Riding the Carousel: The First Extensive Eye Tracking Analysis of Browsing Behavior in Carousel Recommenders

TL;DR

This work provides the first extensive analysis of the eye tracking behavior in carousel recommenders under the free-browsing setting and provides the first extensive empirical results of eye tracked browsing behavior in carousels for improving recommenders.

Abstract

Carousels have become the de-facto standard user interface in online services. However, there is a lack of research in carousels, particularly examining how recommender systems may be designed differently than the traditional single-list interfaces. One of the key elements for understanding how to design a system for a particular interface is understanding how users browse. For carousels, users may browse in a number of different ways due to the added complexity of multiple topic defined-lists and swiping to see more items. Eye tracking is the key to understanding user behavior by providing valuable, direct information on how users see and navigate. In this work, we provide the first extensive analysis of the eye tracking behavior in carousel recommenders under the free-browsing setting.
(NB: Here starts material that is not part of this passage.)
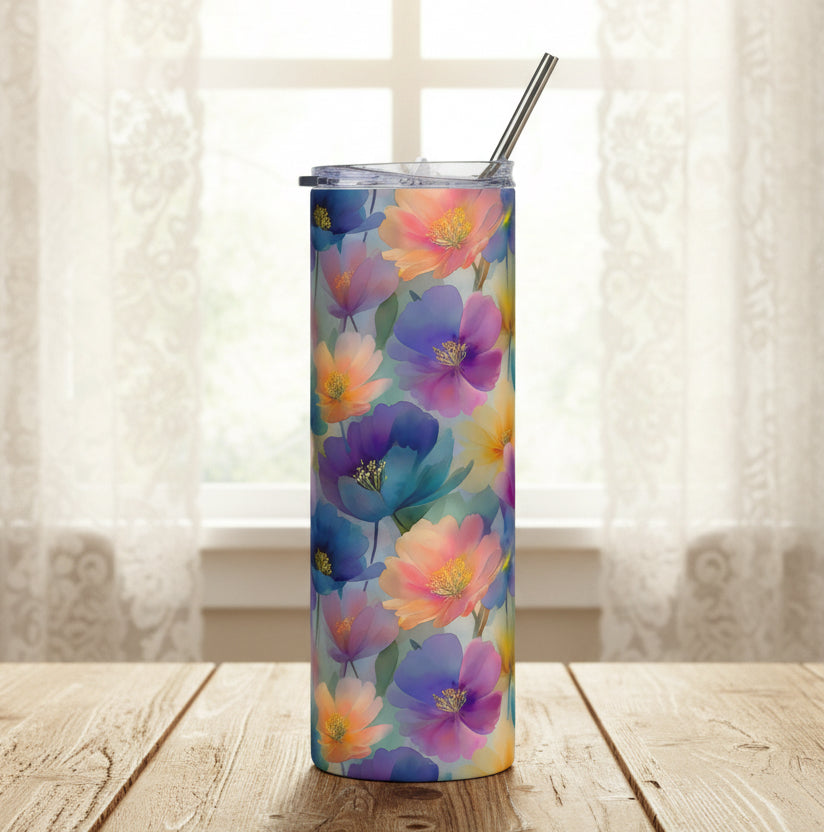 Spring Watercolor Flowers 20oz Stainless Steel Tumbler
To understand how users browse and model their behavior, we examine the following research questions : 1) where do users start browsing, 2) how do users transition from item to item within the same carousel and across carousels, and 3) how does genre preference impact transitions? This work addresses a gap in the field and provides the first extensive empirical results of eye tracked browsing behavior in carousels for improving recommenders. Taking into account the insights learned from the above questions, our final contribution is to provide takeaways for carousel recommender system designers to better optimize their systems for user browsing behavior. The most important being an improved reordering of the ranked item positions to account for browsing behavior after swiping. These contributions aim not only to help improve current systems, but also to encourage and allow the design of new user models, systems, and metrics that are better suited to the complexity of carousel interfaces.

Figures (8)

• Figure 1: Aggregate first fixation heat map showing initial browsing bias on a to-scale background (blue boxes represent the 5 visible movie posters in each carousel). The first fixations using x,y pixel position from all users and free-browsing screens are aggregated from more to less fixations (red > orange > yellow > green).
• Figure 2: Row fixation transitions matrix for all users and free-browsing screens. It shows the number of instances users examined one row (a carousel genre/list) and afterwards examined a different row. Fixations on a genre label and the swipe button (of that row) as well as the items (swiped/unswiped) in that carousel are considered part of the same row. All fixations on the background were ignored (e.g. Row 1 to background to Row 2 is counted as Row 1 to Row 2). (a), (b), (c) visualize the main results in subareas of the matrix. Blue arrows compare transitions from a given row (to a previous/above row vs. to a subsequent/below row) and white arrows compare inverse transitions (from a given row to the previous one vs. from the previous one to the given row). The arrow points towards a higher value, i.e. it indicates a more prevalent pattern / behavior.
• Figure 3: Column fixation transitions matrix for all users and free-browsing screens. It shows the number of instances users examined an item column (one of the 15 movie rank positions independent of genre) and afterwards examined a different item. All fixations on the background, genre label, and swipe buttons are ignored. Note that Columns 1 through 5 are the first set of movies, Columns 6 through 10 are the second set of swiped movies, and Columns 11 through 15 are the third set. When swiping, the columns shift 5 places (e.g. for a right swipe, Column 1 is replaced by Column 6). Thus, the top left, center, and bottom right areas of the matrix independently visualize a user transitioning without swiping. (a)-(d) visualize the main results in subareas of the matrix.
• Figure 4: Joint row-column fixation transitions for all users and free-browsing screens. Each arrow is a item-item transition through eye movement, colored by the transition conditional probability (given the starting item position). Transitions are aggregated across swiping to be in line with the true browsing path of users. This means that in Genre 1 the arrow from the first item to the second item represents the transitions in Row 1 for item 1-2, 6-7, and 11-12, while the arrow from the first item of Genre 1 to the first item of Genre 2 represents all of the possible transitions from Row 1 item 1, 6, or 11 to Row 2 item 1, 6, or 11.
• Figure 5: Fixation heat map of each movie item for all users and free-browsing screens. We remove all repeat fixations on the same movie and count only fixations transitions to other movies and the initial movie fixation. Only fixations for Movie AOIs are used.